Dans le chaos des courses-poursuites, on les a perdus de vue. Par après, j’ai essayé de m’informer de leur sort mais n’en ai même plus entendu ouï dire. Ont-ils été coupés dans les mêlées, ont-ils réussi à s’échapper et à regagner leur région natale ? Personne ne sait. En tout cas, à la fin, on a fini à vingt survivants dans la forêt, et ils n’étaient pas de ceux-là. »
Ces trois ouvriers agricoles sont des Justes inconnus qui représentent sans doute d’autres anonymes.
Et les Justes encore en vie, qui et où sont-ils ? En vérité, après de nombreuses visites et recherches, nous n’en avons pas encore rencontré sur les trois collines de Kibungo, N’tarama ou Kanzenze. Aussi vais-je plutôt évoquer des gens dignes. Ibrahim Nsengiyumua, un prospère négociant de Kibungo, qui paie amende sur amende pour ne pas tuer ni piller, au point de se ruiner « parce qu’il avait amassé assez de richesses dans son existence pour ne pas la gâcher de sang », explique Innocent.
Valérie Nyirarudodo, qui sort de la maternité avec un enfant en plus des siens. Une maman, domiciliée dans une maison au pied de la forêt de Kayumba, qui gifle ses enfants parce qu’ils dénoncent des Tutsis dissimulés dans une broussaille. De nombreuses personnes qui, selon l’expression de Christine Nyiransabimana, une jeune cultivatrice, « pouvaient bien feindre, paresser loin à l’arrière et revenir le soir sans avoir sali la machette… mais devaient se montrer derrière le groupe ».

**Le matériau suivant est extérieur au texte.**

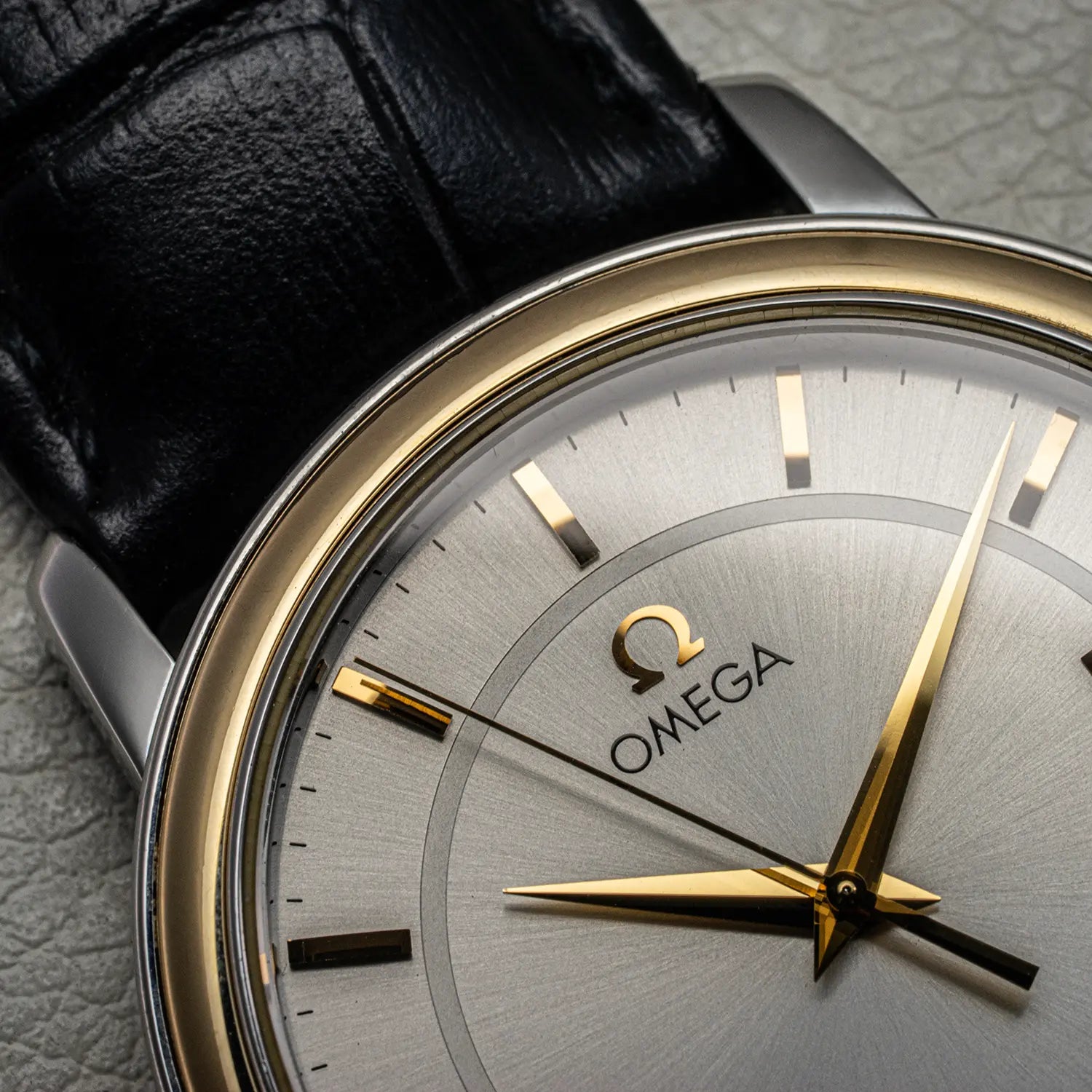 Omega De Ville Prestige, Ref. 196.1150 Dial Close-up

Pour finir, mentionnons le cas particulier de conjoints de mariages mixtes, qui sauvent une épouse et quelques parents, malgré une impitoyable sanction. Au contraire de l’administration nazie, qui en général classait les conjoints juifs de mariage mixte d’après leur confession et instruction, juive ou chrétienne, et décidait de leur sort sur ce critère, l’administration d’Habyarimana applique une règle plus simpliste et sexiste. Les maris tutsis doivent être exécutés, et ils le sont sans exception. Les épouses tutsies peuvent être épargnées, avec elles parfois leurs enfants, si toutefois leurs maris hutus acceptent des conditions que résume ainsi Jean-Baptiste Murangira : « … des femmes tutsies possédées par des Hutus misérables devaient être tuées, mais leurs enfants pouvaient être sauvés. Des femmes tutsies possédées par des Hutus nantis comme il faut pouvaient être préservées si toutefois les maris se présentaient bien visibles dans des corvées de tueries… »
Ainsi l’agent recenseur Jean-Baptiste Murangira sauve son épouse Spéciose Mukandahunga, le juge Jean-Baptiste Ntarwandya sauve son épouse Drocelle Umupfasoni, l’adjudant-chef à la retraite Marc Nsabimana sauve son épouse Annonciata Mukaligo, le directeur de la Poste et quelques autres notables ou cultivateurs prospères protègent leurs femmes respectives. Le premier, à la suite d’aveux spontanés sur « des corvées de tueries », est condamné à la prison. Le deuxième, après deux années d’emprisonnement, est relaxé sur la foi de témoignages amicaux. Son dossier est classé, mais il n’a pas réintégré son bureau au parquet. Le troisième, convoqué plusieurs fois au tribunal et cité dans plusieurs procès, n’est pas poursuivi à ce jour. Qu’ils avouent ou nient, tous trois se montrent peu diserts sur leur comportement à l’époque du génocide et ne revendiquent aucune gratitude publique.